I'm a former 7.5.1A Server developer. We've just installed an evaluation version of DSv8 for a new project and I'm sussing out the differences.

We can only see the Oracle OCI stage in the palette for Server jobs, and the Oracle Enterprise stage for Parallel jobs.

The doco doesn't say that OCI is server-only, and some of the threads on DSX seem to suggest Parallel users have OCI; but maybe its different in v7 parallel jobs!!!??? Is it true you cannot use the OCI stage in v8 Parallel jobs? Or have I botched the install?

ray.wurlod · Post by **ray.wurlod** » Thu Sep 27, 2007 1:44 am

The Palette is fully customizable; anything you find in the Stage Types branch of the Repository can be emplaced in the Palette. I realize that the Repository category structure is not quite so straightforward, but you can find things in the "everything" pane of the Palette customization too. This should include the Oracle API (OCI) stage type.

vmcburney · Post by **vmcburney** » Thu Sep 27, 2007 6:23 am

In my parallel stage types (under Stage Types and not under shortcuts) I can see Oracle Enterprise and Oracle OCI Load. I can access native oracle connectivity through the Dynamic RDBMS stage. For DB2 I see three stages: enterprise, API and Load.

lstsaur · Post by **lstsaur** » Thu Sep 27, 2007 10:27 am

DS simply wouldn't let you drop Oracle OCI stage on parallel job for either V7 or V8.

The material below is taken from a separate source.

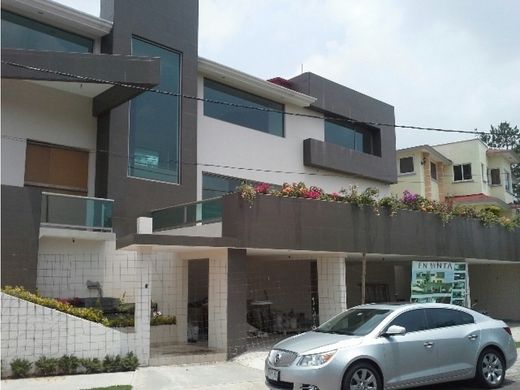 Πολυτελή κατοικία σε Ciudad López Mateos, Atizapán de Zaragoza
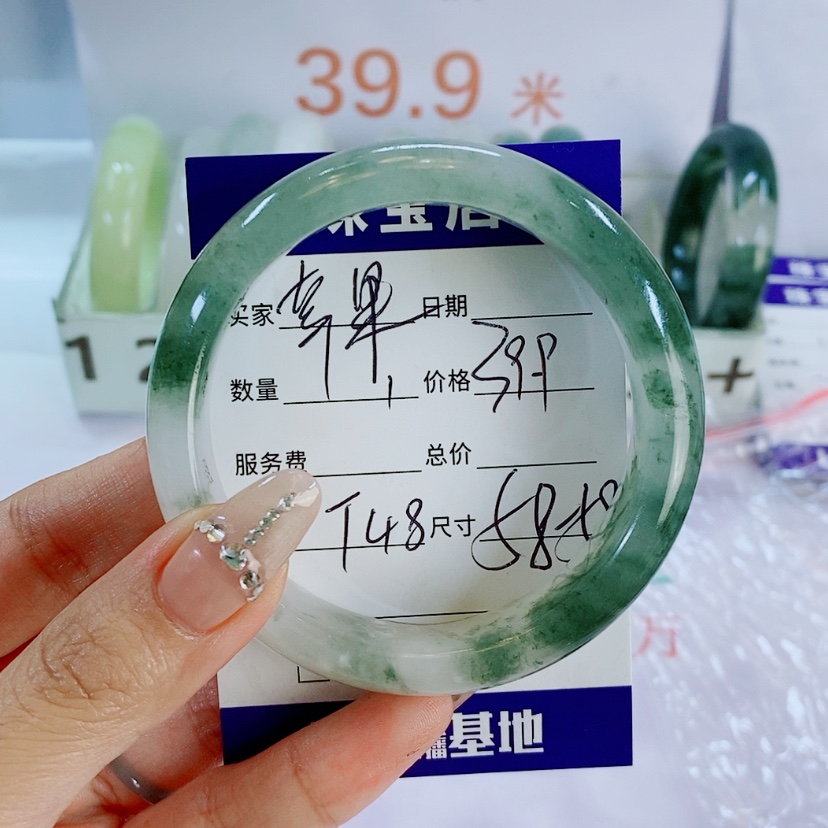 【闪购商品】石英质玉手镯未镶嵌T48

rleishman · Post by **rleishman** » Thu Sep 27, 2007 6:29 pm

Ray, we found OCI in the repository tree - under SERVER stages. We cannot drag it into a Parallel Job though. Good tip to know though, thanks.

Vincent, found the OCI Load stage under Parallel Stages (same as yours), but I doubt this will give us anything the Oracle Enterprise stage cannot - probably why it was excluded from the pallette.

@lstsaur - that is exactly my experience. Nice to know it also happened on V7.

Vincent, I found the Dynamic RDBMS Stage and am now curled up in my warm blanket of familiarity. It's (almost) exactly the same as the server OCI stage! Now I just need to work out whether to use it instead of the Enterprise stage. Time for some benchmarking I think.

vmcburney · Post by **vmcburney** » Thu Sep 27, 2007 7:17 pm

IBM benchmarked the DB2 Enterprise stage at 250% faster than the OCI stage for extracts, see DataStage Tip: Extracting database data 250% faster. Would love to see how your benchmark goes with Oracle.

rleishman · Post by **rleishman** » Fri Sep 28, 2007 8:40 pm

It's all starting to come together! Enterprise stage requires SELECT privs on a bunch of data dictionary tables including DBA_EXTENTS. My bet is that - when you use the "Table" SQL Type - it looks up the starting and ending block address of each extent in DBA_EXTENTS, and farms out ROWID RANGE queries to each parallel thread.

I'll try to very this with a SQL Trace. Stay tuned.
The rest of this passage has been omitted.